Giulio: Il vinile è sicuramente il supporto che prediligiamo sia perché ha coperto tutti gli anni in cui si è forgiata la nostra passione per l’hardcore e il metal, sia perché con il suo ritorno nell’ultimo decennio le fabbriche hanno notevolmente migliorato la qualità di stampa nel rapporto galvanica/resa su vinile che la scelta di materiali per la confezione, facendo sì che l’lp potesse veramente diventare IL supporto per rendere giustizia dalla A alla Z a una ristampa definitiva curata con passione. Parlo di copertine gatefold, una gamma enorme di finiture di stampa, scelta di cartoncini più elaborati rispetto a una volta… insomma lo standard si è alzato di tanto e per chi come noi è fanatico della qualità questo è un incentivo totale a optare per questo formato. Il cd viene messo in campo per ragioni di durata (esempio: tra le produzioni imminenti c’è un box di cinque cd dei Desecration!) o quando abbiamo abbastanza materiale (anche graficamente parlando) per poter realizzare qualcosa di più elaborato e collezionabile che si addica bene al digitale, o debba essere abbinato a un dvd, come è stato ad esempio il caso del cofanetto Nerorgasmo (che comunque uscirà anche in vinile) o i due ristamponi dei Wehrmacht con digipack e libretti a 20 pagine. In altri casi invece stampiamo su cd semplicemente per una richiesta specifica della band.

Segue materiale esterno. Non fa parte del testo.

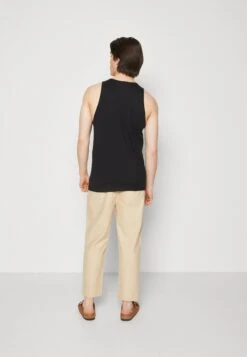 Pier One 3 Pack - Top - Black -Pier One Algemene Winkel Voor Herenmode c5dc1fc1d31c4883939c76de12787845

Mi colpisce molto in positivo il fatto che abbiate scelto di occuparvi di thrash e hardcore, due generi che a metà anni Ottanta oggettivamente avevano molti punti di contatto e a livello più underground viaggiavano spesso a braccetto (ai concerti capitava di vedere commistioni di thrasher e hardcorer sotto al palco, ma anche sopra). Questa è una cosa che poi nei Novanta si è un po’ persa. Come è stata accolta questa vostra idea?
Marco: Guarda, come dici giustamente tu, questi due generi (hardcore e thrash) negli anni ’80 andavano a braccetto, e io stesso ascoltavo dal punk hc più grezzo al metal più veloce e ”capellone”. Ne sono prova i vecchi numeri della fanzine F.O.A.D.: già dalle prime uscite (il primo numero è datato estate 1986) sulle pagine della fanza potevi trovare articoli, interviste o recensioni che andavano dai Dead Kennedys ai Vulcano, dai Negazione agli Slayer, dai Final Conflict agli Schizo… perché questo era ciò che ascoltavo in quegli anni. Non si facevano troppe distinzioni. Poi ovviamente c’erano gruppi che inevitabilmente piacevano per forza agli amanti di entrambi i generi (vedi per esempio i Wehrmacht o Cryptic Slaughter o anche i nostrani Jester Beast…), gruppi con un suono metal ma con un attitudine hardcore. Tutto veniva visto in modo molto naturale e mai forzato.  Il voler mantenere vivo questo aspetto è semplicemente uno specchio della nostra attitudine e di cosa continuiamo ad ascoltare dopo tutti questi anni.  A mio parere il più delle volte l’uso/abuso di etichette inutili non fa altro che dividere ancora di più quello che già è una scena underground, quindi per forza di cose già ristretta. Ma un buon 80% dei nostri clienti abbiamo visto che compra della F.O.A.D. sia l’uscita del gruppo punk sia quella del gruppo death-thrash, quindi vuol dire che la cosa è gradita, e questo non può che farci un enorme piacere.
Giulio: Sì se nei Novanta si è un po’ persa, nei 2000 e passa è completamente scomparsa, malgrado oggi ci sia questo revival di metal/punk e affini, seguito però senza neanche capire da cosa derivi. L’intenzione di partenza da quando abbiamo iniziato questo progetto era di dedicarci a tenere in vita quelle sonorità e quello spirito che coincideva con gli anni nei quali è esplosa la nostra passione per il genere, e in quel periodo c’era una commistione perfetta tra il metal e l’hc, sia a livello di unione di pubblico ai concerti e nei punti di ritrovo che, come dice Marco sulle fanzine, sulla varietà di produzioni di determinate etichette e sul modo di suonare e rapportarsi ai generi di una miriade di band.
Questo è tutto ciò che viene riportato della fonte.